Our weather is "fixin' to change" so the kids at school are unruly and unsettled. My classes this semester are a huge challenge for me -- the first time I've really run into a classroom majority of non-English speaking functional students. Combine the two and you get kids who can't read, write, or even speak much English. And they're boys. Boys who can't sit still for 60 minutes, much the 90 minute class periods we have. Every day I'm scrambling to make it through the class. I don't have any grand plan in mind either. I'm just winging it every day, trying to find something these kids can succeed in doing, will actually try to do, and need to learn to do. I have no end goal other than survive the immediate challenge facing me each period. I don't have any lesson plans more than a day ahead. This is really frustrating.
Add to that one of our SPED teachers quit January 4th and has not been replaced. All his caseload had to be distributed among the rest of our SPED staff.
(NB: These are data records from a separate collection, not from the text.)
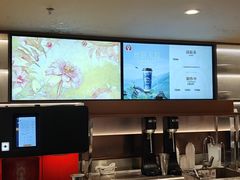 -霸王茶姬(上海恒基名人店)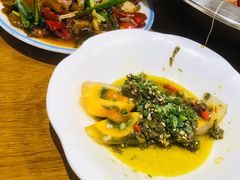 -弓虽昌焖烧鸡(大竹林店)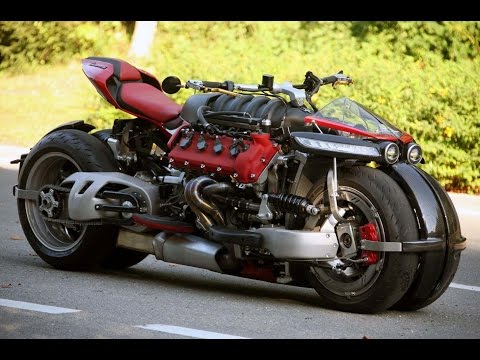 Lazareth LM847 V8 4.7-L 470hp
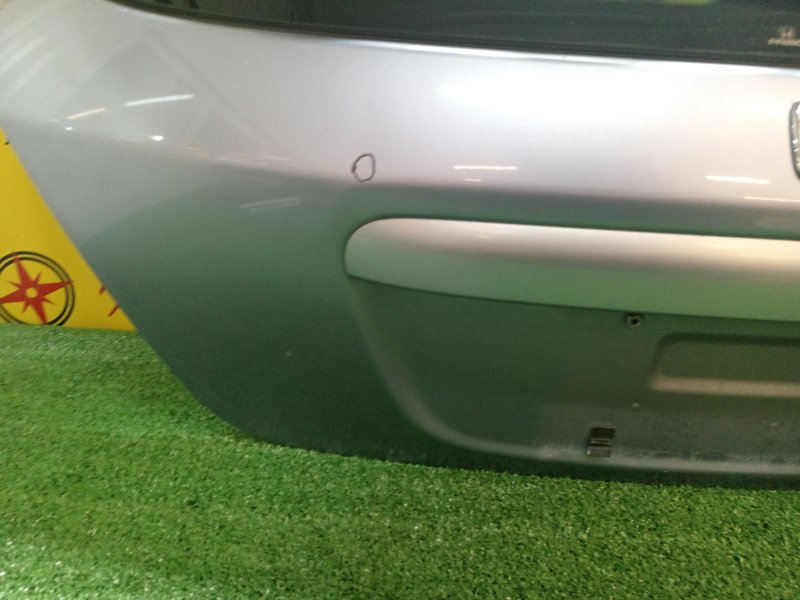 Дверь багажника, 12000 рублей, Красноярск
I picked up four new students. In looking at their schedules I found that I need to reschedule three of them because the guy who quit hadn't bothered (or cared enough) to make sure these kids had collaborative help in their algebra and science classrooms. I haven't completed the IEP I held last week and I haven't turned in a single IEP since November. We're supposed to submit then 10 days after we hold them. Not 10 working days -- 10 days. I'm now two full months out of compliance.
Then over the weekend I look in the freezer and unearth a huge package of stew meat from Sams, the big box discount store. We'd had it too long and it needed to be used up quickly. We've had it so long I won't even dare mention how long but I was pretty sure it would need to be cooked in the crockpot at least 14 hours to make it tender.
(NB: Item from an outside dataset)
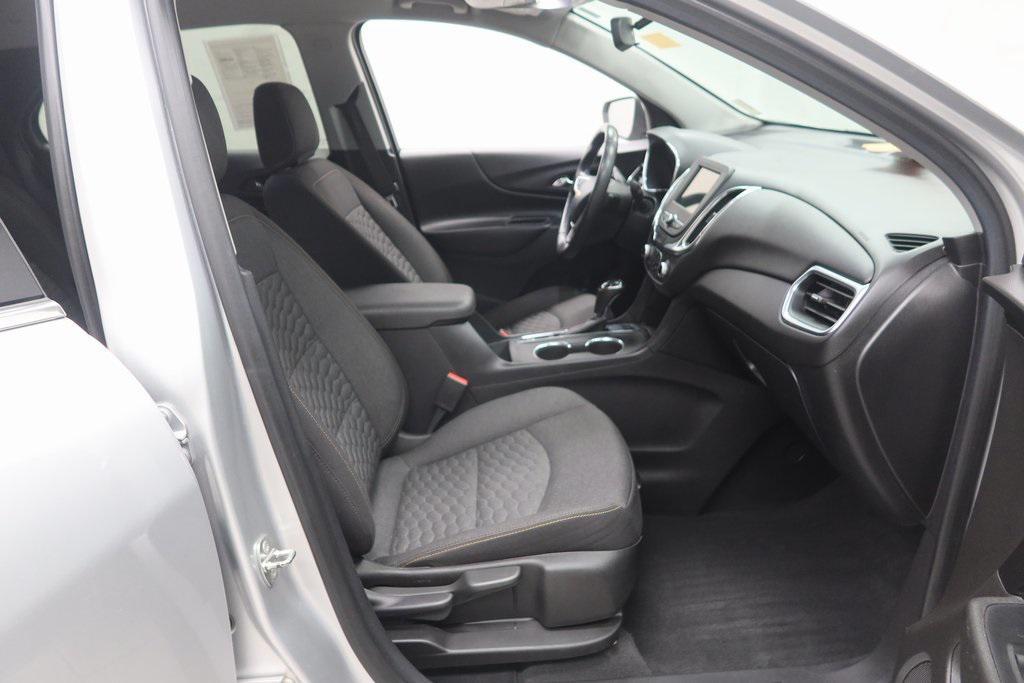 used 2019 Chevrolet Equinox car, priced at $12,999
I just couldn't justify throwing out that much stew meat (over $10 of it -- that's a lot of beef chunks!) I finally asked Hubby if he would make us a pot of stew if I thawed the meat and he agreed. So last night I pulled the worn pack of beef from the freezer and by midnight it had mostly unthawed.
When I got today home, exhausted as always, our entire house was redolent of beef stew smells. Knowing I was on the edge of cracking, Hubby had spent the morning combining simple but tasty stew ingredients and seasonings and had elected to cook the whole thing on top of the stove. So the stew was ready for dishing. A small loaf of sour dough bread, buttered and heated in the oven, and huge mugs of cocoa completed the best meal I've had in ages.
Stomach comfortably filled and then a long soak in a hot tub relaxed me enough to not worry about the IEP's that the district head is coming in person to collect tomorrow (I've got a couple of them ready -- not all but a enough to hold off the angry hordes). It's amazing that a few tender carrots, potatoes, onions, and stew chunks can cause my lesson plan and weather worries to also abate. And tomorrow is Friday after all.